For decades, it’s been thought bronze age daggers were used as symbols of identity and status for people living as long as 6,000 years ago.
Now, a new study led by the Newcastle University shows that they were in fact used for butchering and carving animal carcasses.
By analysing Bronze Age daggers previously recovered from Pragatto, Italy, they found traces of animal residue suggestive of cutting ‘bone, muscle and tendons’.
First appearing in the early 4th millennium BC, copper-alloy daggers were widespread in Bronze Age Europe including Britain and Ireland, but archaeologists have long debated what they were used for.
Analysis of Bronze Age daggers has shown that they were used for processing animal carcasses and not as non-functional symbols of identity and status, as previously thought.
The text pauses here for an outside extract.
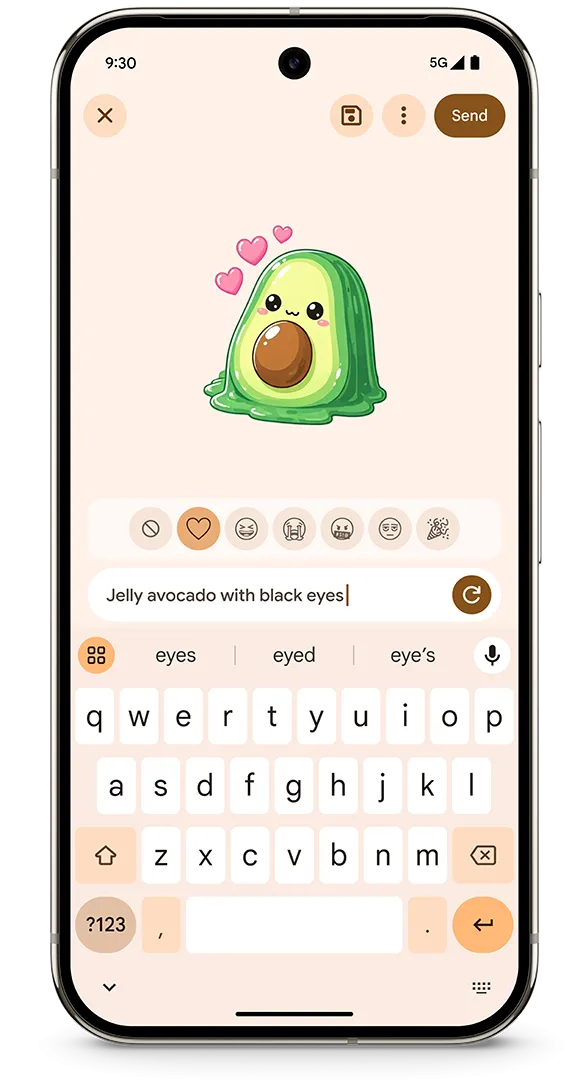 Giao diện tính năng Pixel Studio trong Gboard trên điện thoại Pixel, cho phép tạo nhãn dán AI.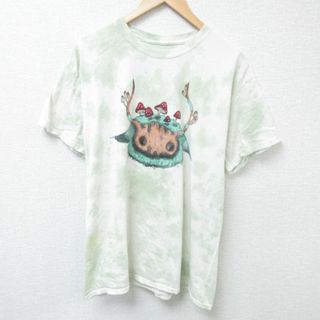 L★古着 半袖 Tシャツ メンズ キノコ コットン クルーネック 薄緑他 グリーン タイダイ 24jun03 中古(Tシャツ/カットソー(半袖/袖なし))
Pictured, one of the experimental daggers
Researchers studied organic residues from copper-alloy daggers excavated in 2017 (pictured here are five)
‘Metal daggers are widespread in Chalcolithic and Bronze Age Europe, yet their social and practical roles are still hotly debated,’ researchers at Newcastle University say in their paper.
‘[Our] method has proved successful in extracting and identifying animal residues located on cutting edges including bone, muscle, and tendons.
‘These are interpreted as evidence of prehistoric carcass butchering and carving.’
As daggers are often found in weapon-rich male burials, or ‘warrior graves’, many researchers had speculated that they were primarily ceremonial objects used in prehistoric funerals to mark out the identity and status of the deceased.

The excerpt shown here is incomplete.